WHAT TO WORK ON >> A verbatim copy is needed of the lines below from the one containing "MIXED SURPRISE BOX" up to and including the one containing "Claw Butterfly Alloy Hair", excluding pictures.

SOURCE MATERIAL >>

====

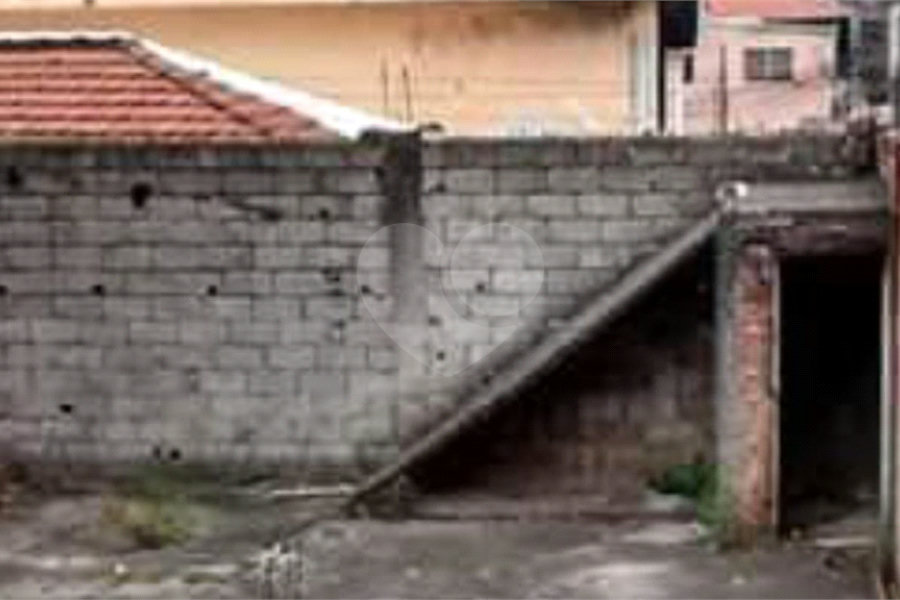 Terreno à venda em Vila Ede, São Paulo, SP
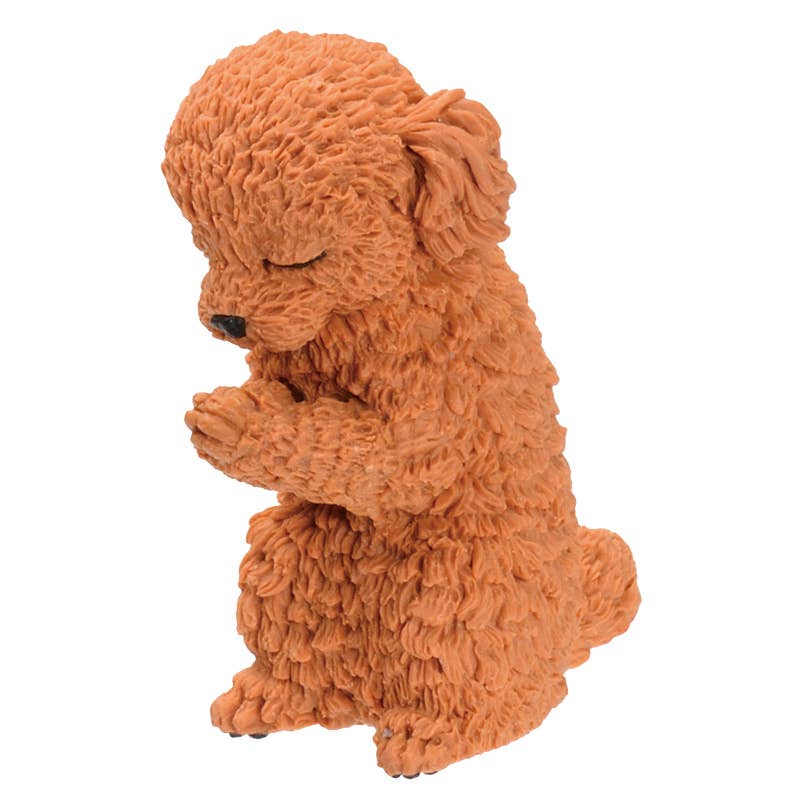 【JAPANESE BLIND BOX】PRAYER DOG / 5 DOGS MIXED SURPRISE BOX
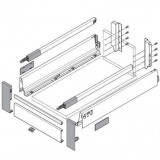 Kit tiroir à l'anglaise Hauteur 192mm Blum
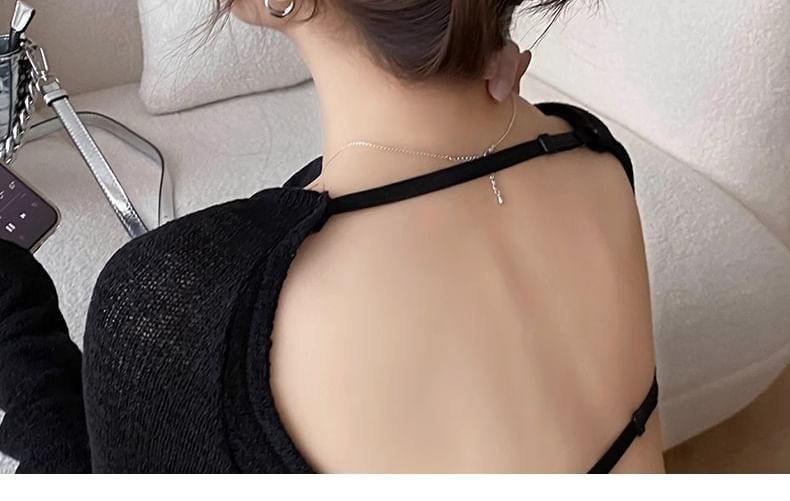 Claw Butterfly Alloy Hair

====

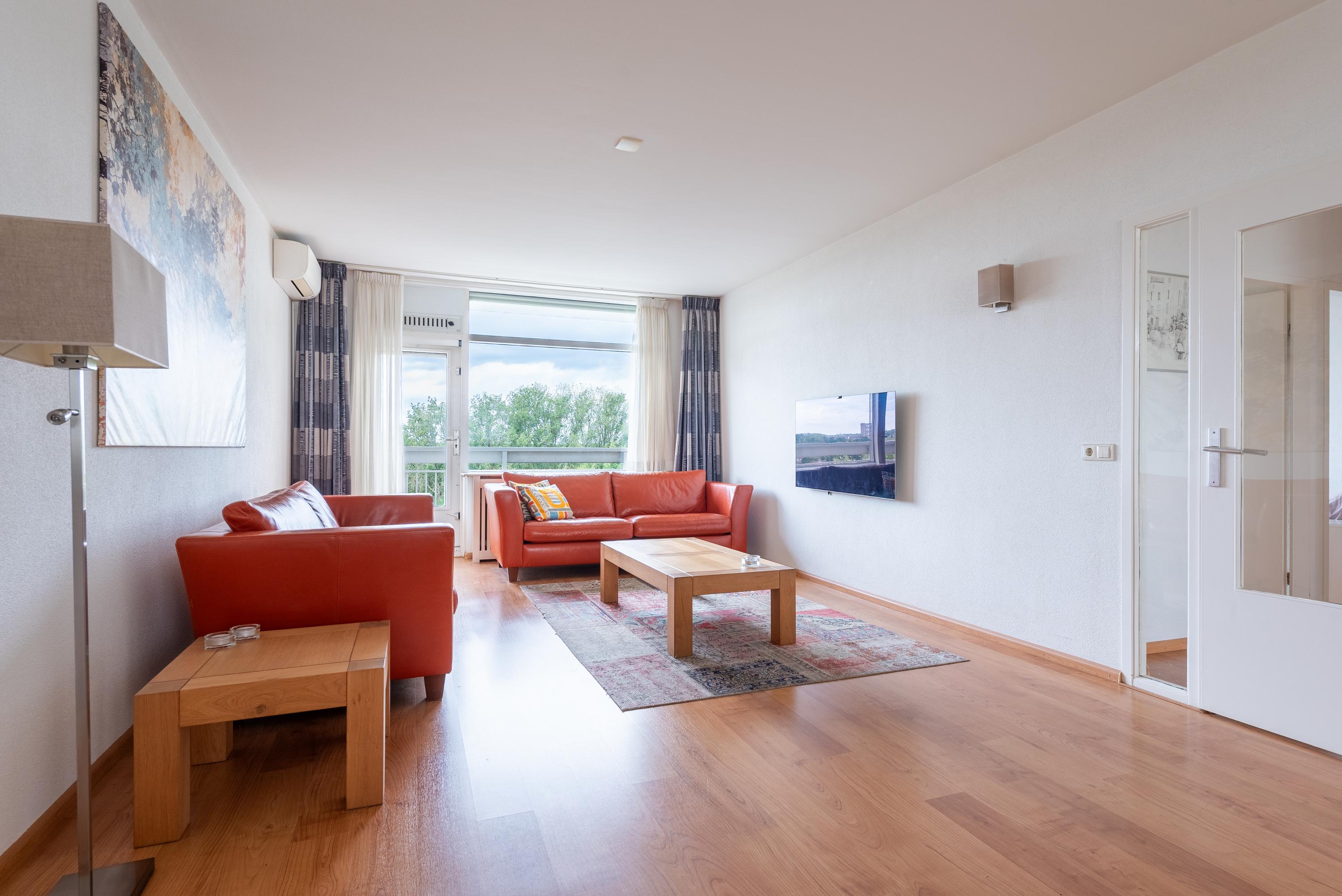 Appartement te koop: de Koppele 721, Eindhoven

====

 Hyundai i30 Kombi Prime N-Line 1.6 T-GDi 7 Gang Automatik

====

RESULT BELOW >>
 【JAPANESE BLIND BOX】PRAYER DOG / 5 DOGS MIXED SURPRISE BOX
 Kit tiroir à l'anglaise Hauteur 192mm Blum
 Claw Butterfly Alloy Hair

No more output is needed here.